▸ Prompt
Restate word for word the lines from the one bearing "DNF次元光辉觉醒之路与终极装备解析全方位打造最强战力指南一 DNF次元光辉觉醒之路与终极装备解析全方位打造最强战力指南一" through the end of the entries below, and leave every picture out.

Stored data:
:::::
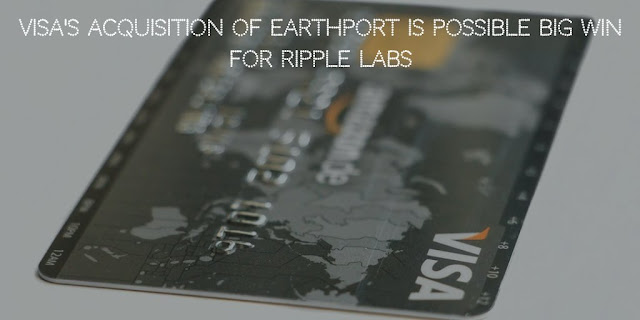 Visa's Acquisition of Earthport is Possible Big Win for Ripple Labs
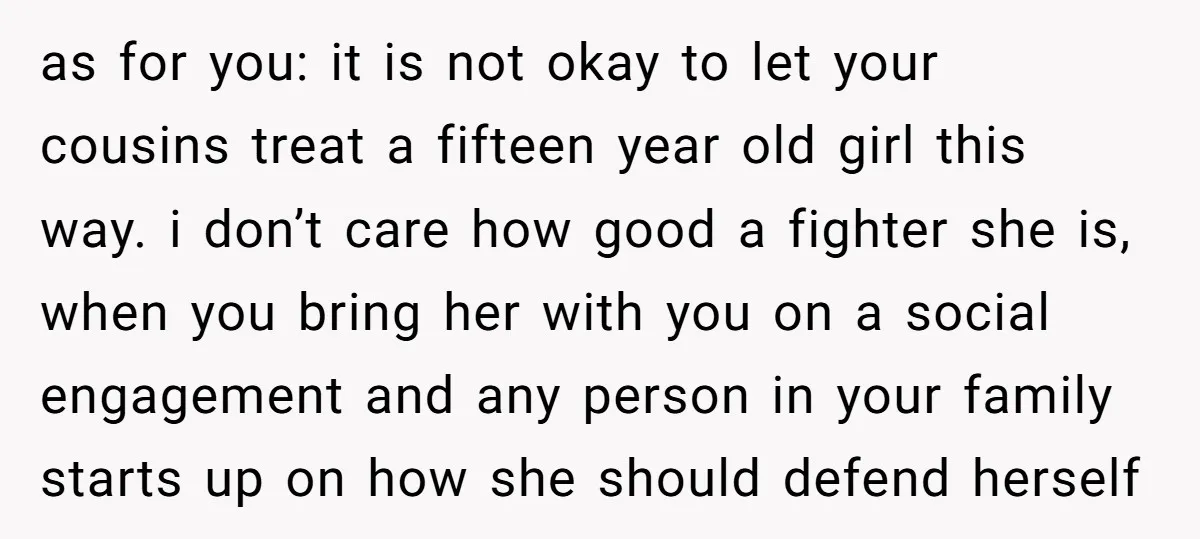 as for you: it is not okay to let your cousins treat a fifteen year old girl this way. i don’t care how good a fighter she is, when you...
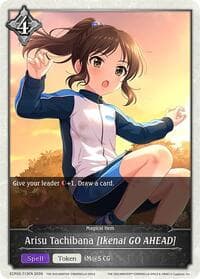 Arisu Tachibana [Ikenai GO AHEAD] - ECP02: THE IDOLM@STER CINDERELLA GIRLS - Shadowverse: Evolve card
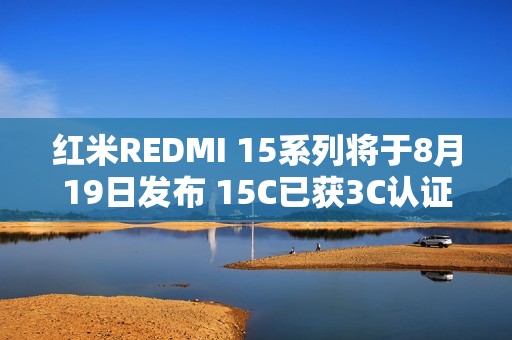 红米REDMI 15系列将于8月19日发布 15C已获3C认证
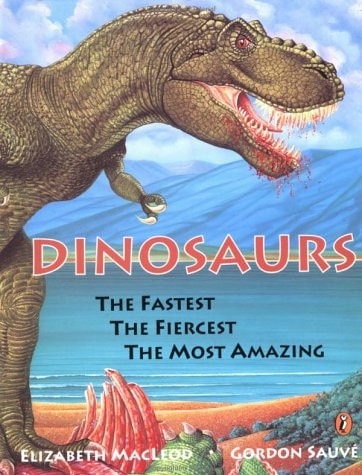 Dinosaurs The Fastest, the Fiercest, the Most Amazing — Elizabeth MacLeod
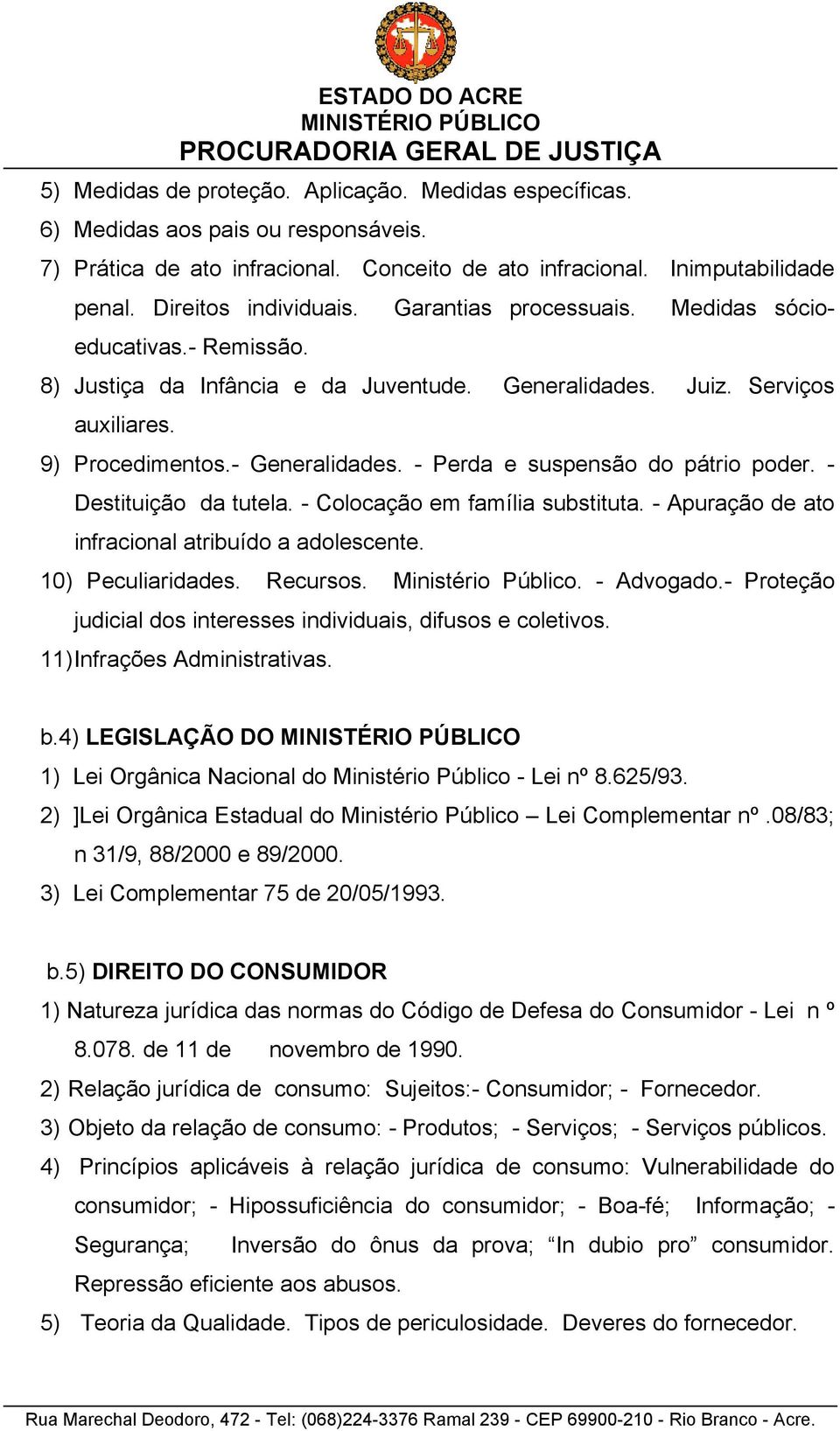 - Perda e suspensão do pátrio poder. - Destituição da tutela. - Colocação em família substituta. - Apuração de ato infracional atribuído a adolescente. 10) Peculiaridades. Recursos.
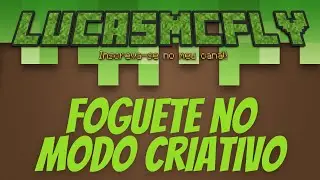 LucasMcFly Como construir um foguete! - Minecraft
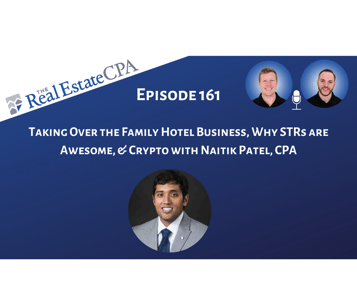 161. Taking Over the Family Hotel Business, Why STRs are Awesome, & Crypto with Naitik Patel, CPA Featured Image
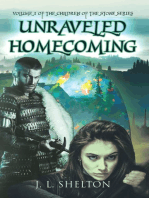 Unraveled Homecoming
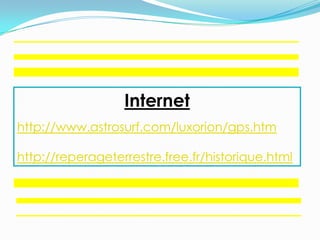 Internethttp://www.astrosurf.com/luxorion/gps.htmhttp://reperageterrestre.free.fr/historique.html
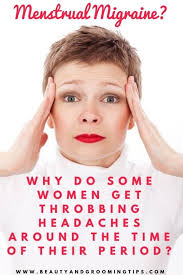 Do You Suffer From Migraine Or Headaches During Your Menses Or A Few Days Before Your Period Commences Menstrual Migraines Hormonal Headaches Hormonal Migraine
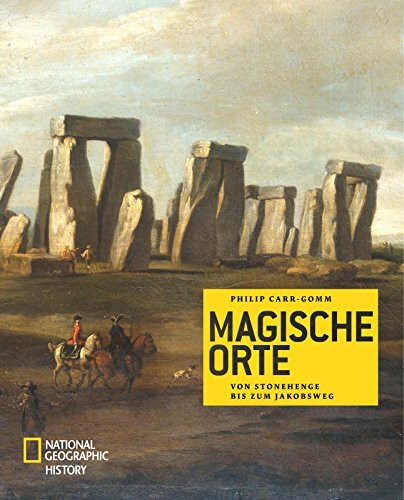 Magische Orte: Von Stonehenge bis zum Jakobsweg (NATIONAL GEOGRAPHIC History, Band 116)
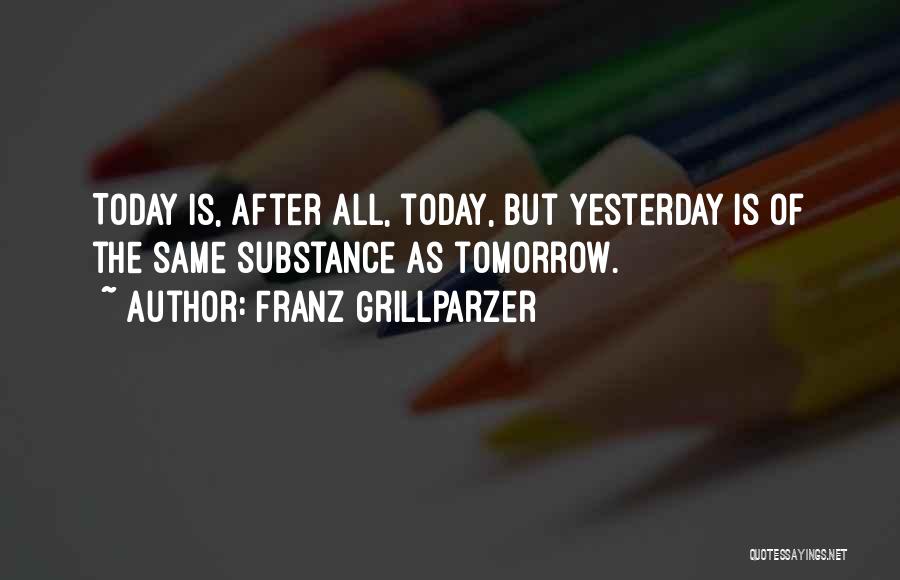 Franz Grillparzer Quotes: Today Is, After All, Today, But Yesterday Is Of The Same Substance As Tomorrow.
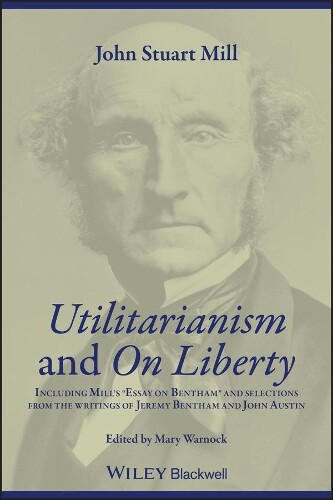 Thumbnail - John Stuart Mill Utilitarianism And On Liberty (taschenbuch)
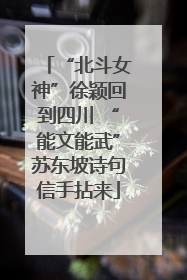 “北斗女神”徐颖回到四川 “能文能武”苏东坡诗句信手拈来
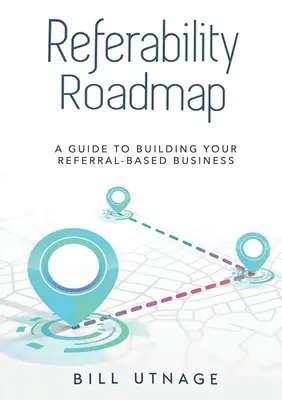 Referability Roadmap a: Przewodnik po budowaniu biznesu opartego na poleceniach - Referability Roadmap a: Guide To Building Your Referral-Based Business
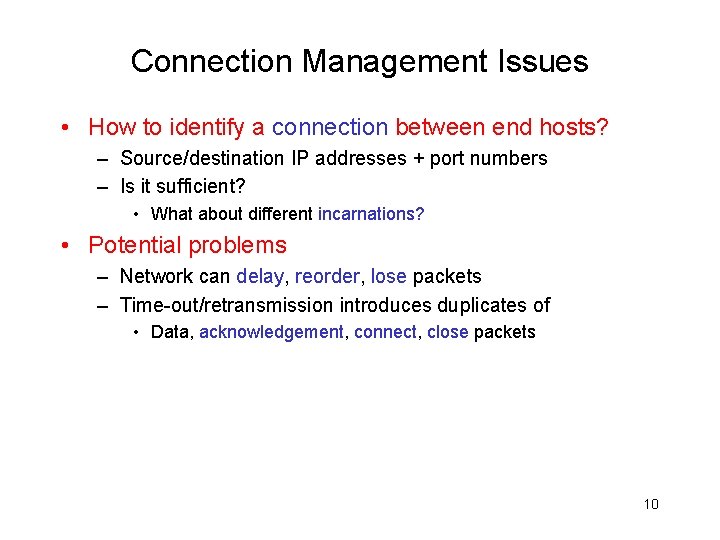 Connection Management Issues • How to identify a connection between end hosts? – Source/destination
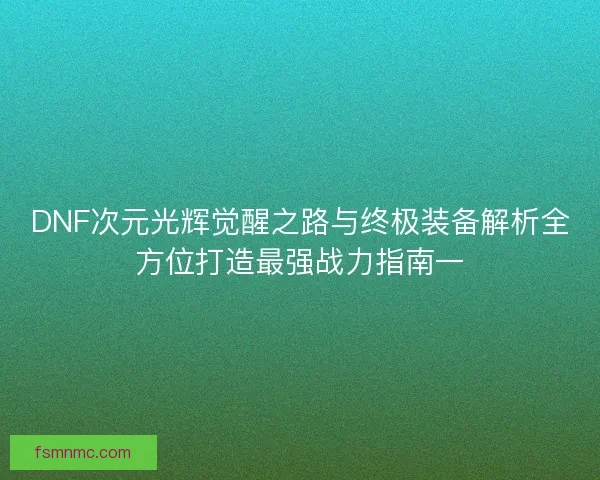 DNF次元光辉觉醒之路与终极装备解析全方位打造最强战力指南一 DNF次元光辉觉醒之路与终极装备解析全方位打造最强战力指南一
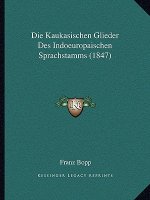 Die Kaukasischen Glieder Des Indoeuropaischen Sprachstamms (1847)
:::::
▸ Exercise solution
 DNF次元光辉觉醒之路与终极装备解析全方位打造最强战力指南一 DNF次元光辉觉醒之路与终极装备解析全方位打造最强战力指南一
 Die Kaukasischen Glieder Des Indoeuropaischen Sprachstamms (1847)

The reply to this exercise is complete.